The test is to learn how to better protect Earth from asteroids, and to do so by firing the rocket into the asteroid Didymos.

“What we are trying to learn is how to deflect a threat that would come in,” said NASA’s Thomas Zurbuchen in a press conference on 22 November. “Rest assured, that rock right now is not a threat and it will not be a threat after.”

The craft that will strike the asteroid is a mere 500 grams at a speed of 6.6 kilometers a second. It has a sister craft, the Light Italian Cubesat for Imaging of Asteroids (LICIACube), which will detach before impact to document the encounter. It is predicted that the asteroid's orbit of Earth will be reduced by 10 minutes, proving that if needed, something could be launched at a much more dangerous asteroid to prevent it hitting our planet.

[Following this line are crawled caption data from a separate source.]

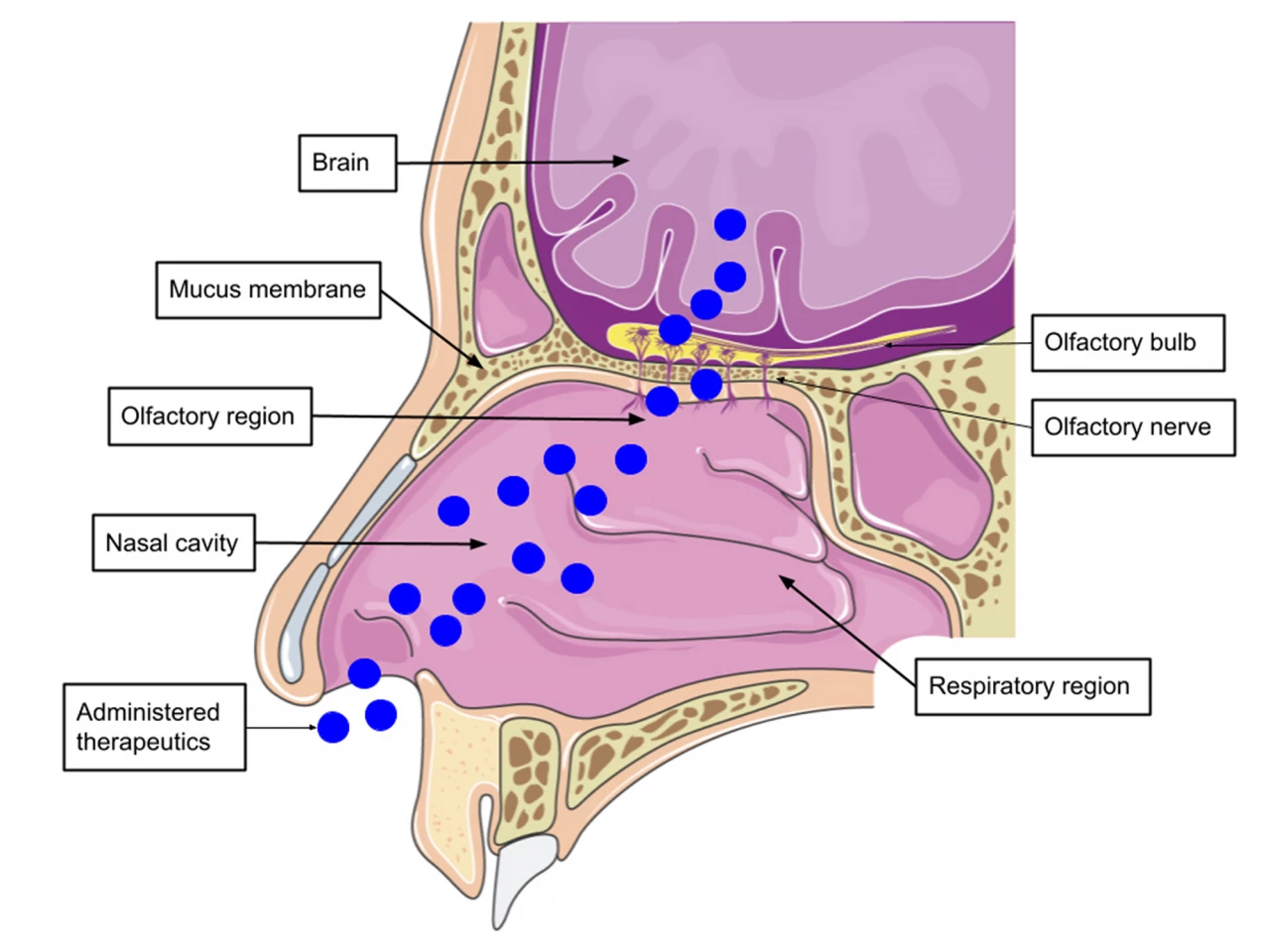Nose-to-brain pathway for inhaled drugs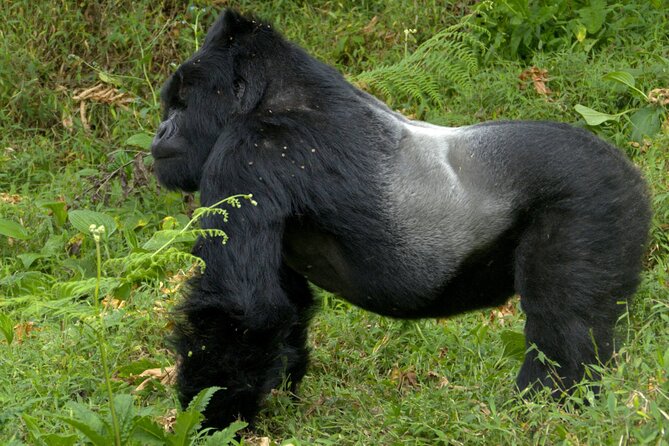 12 Days wildebeest migration Masai Mara Nakuru Uganda gorilla trekking safari - Two full game drives in the Maasai Mara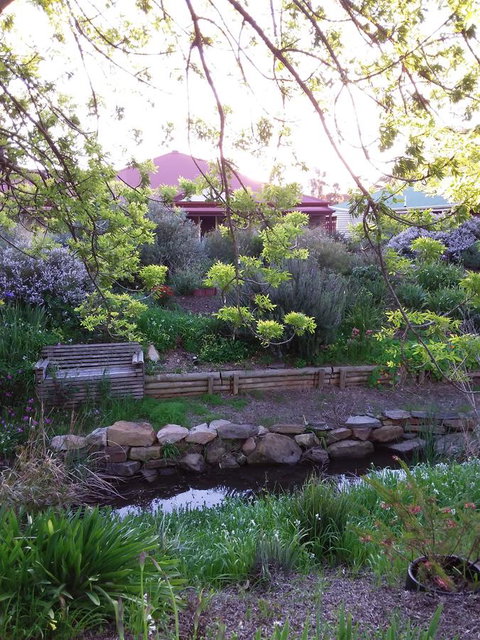Frog Song At Willunga - Northern Rivers Accommodation 0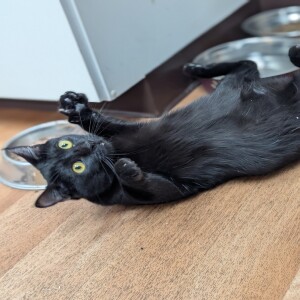 Pet of the Week - Lucky Paws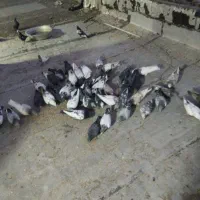 کبوتر پرشی|پرنده|شیراز, دوکوهک|دیوار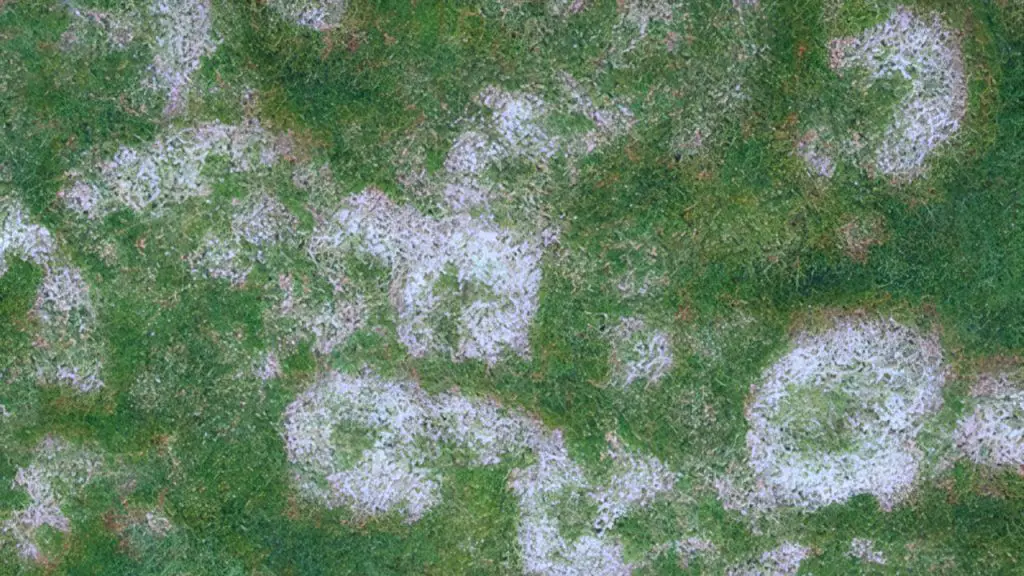 What causes snow mold on grass? -pink snow mold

“It doesn’t take a lot, but when we’re looking at what [it would take] to deflect an asteroid away from the Earth, given enough time you can do big things with small vehicles,” said Ed Reynolds, DART project manager at Johns Hopkins University in Maryland, during the press conference.

How can the mission be viewed?

Live launch coverage will run on NASA Television, NASA's YouTube, the NASA app and agency social media channels starting at 12:30 a.m. EST and 09:30 a.m. PT.

It will take until October next year before the rocket meets its target, so it is unlikely the YouTube stream will be nearly a year long.